Examples Of Interpretive Disagreements

Examples Of Interpretive Disagreements

It is assumed that any serious or actual theoretical disagreement is a reasonable philosophical disagreement over what is considered law or on the methods of interpretation that are acceptable and most appropriate, both in general and in certain institutional circumstances. The question is what makes the different traditional positivist and non-positivist positions acceptable in the discourse. Our answer is that different theories can only have a legitimate position in theoretical differences of opinion if they deal with the same evidence or the same evidence using common scientific methodological standards.
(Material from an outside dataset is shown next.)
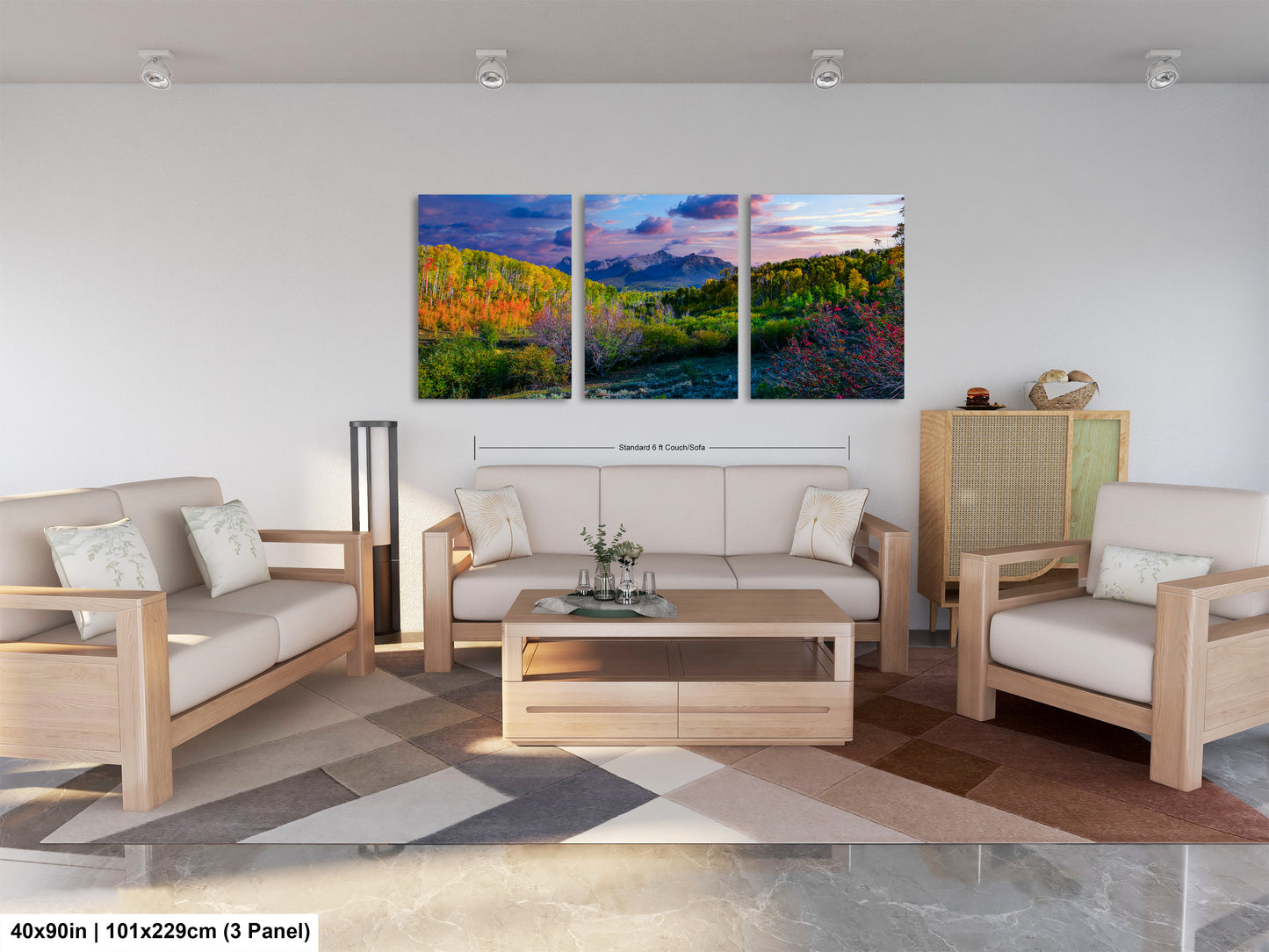 a living room filled with furniture and a painting on the wall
Footnote 14 It is a fact that there is an equality of evidence and oversight between traditional law positivists and non-positivists and that it is recognized by both parties as epistemic Peers. In the dispute between positivists and non-positivists, there is only partial agreement on several sources of law. Positivists accept social sources as sufficient evidence; The Dworkineans feel that they are insufficient. In addition, positivists believe that additional theoretical evidence relied upon by their opponents is inappropriate. However, this does not prevent all parties from getting involved in a reasonable debate. 55Drivement, in terms of interpretation, we cannot avoid the problem by saying that there is convergence in the sources.
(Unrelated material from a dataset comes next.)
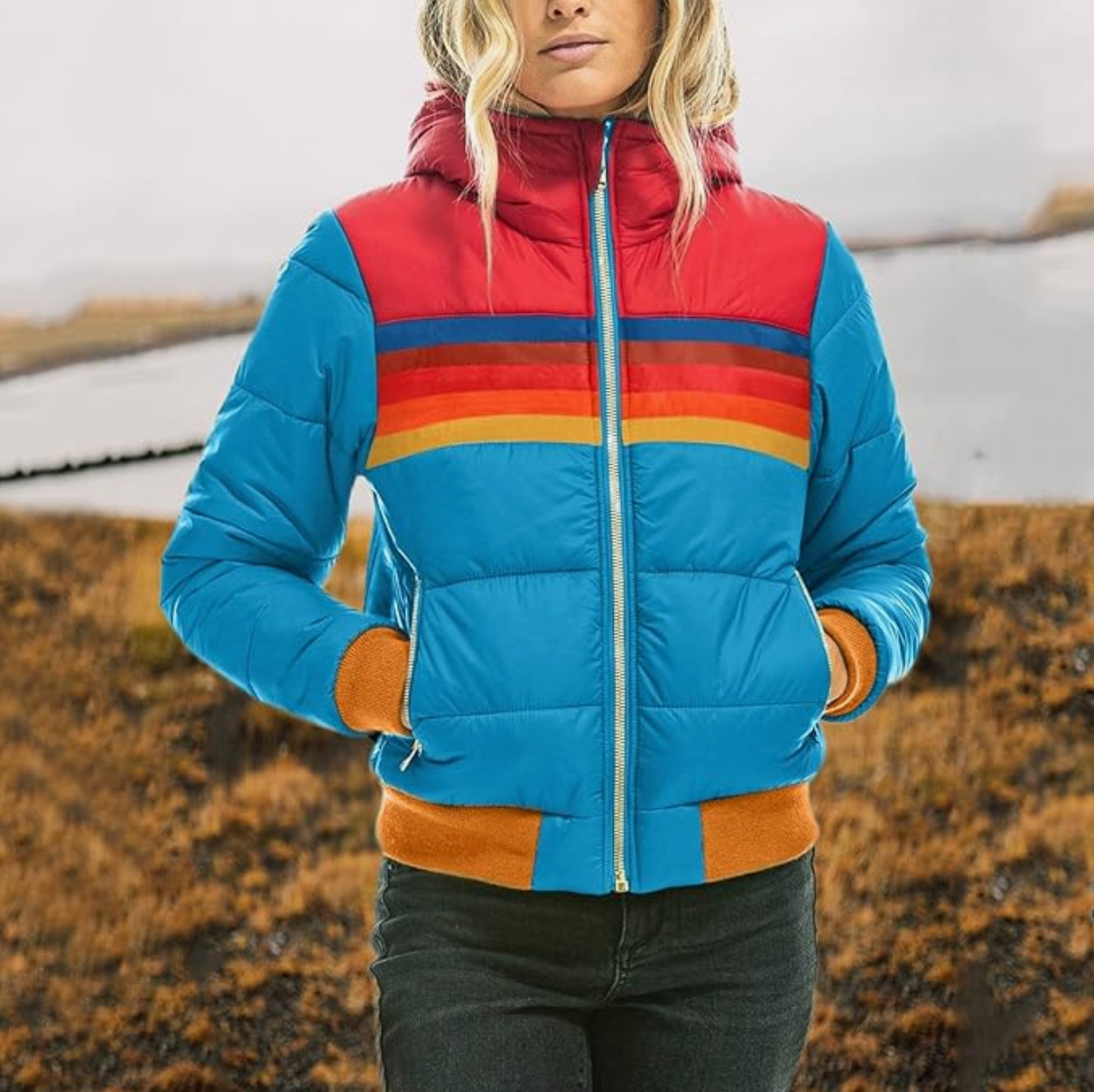 Rosy | Retro parka with faux fur hood for women - Blue / XS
A degree of agreement is required for the law to fulfil its function as a driving guide and make the recognition rule useful. These differences are also marginal and, if they were important, we doubt that it is a legal system. In any case, the recognition of the existence of interpretive instruments does not mean that everything is controversial: there is a broad consensus on the number of cases to be resolved.43 It is only recently that positivists have agreed that the phenomenon of theoretical divergences represents a serious challenge for the traditional positivist image [11, 17, 18, 51,52.53]. Dworkin`s assertion that theoretical differences are the most important feature of legal practice is the result of his holistic and pragmatic approach [9:160]. The central role of these differences is also related to their philosophical and practical dimension. Footnote 9 However, Dworkinean`s approach to differences of opinion is somewhat paradoxical, for the mere existence of such differences, which for him are genuine differences of opinion, may indicate that the law knows no limits or, at the very least, that the limits of the law are as far apart as the scope of those differences.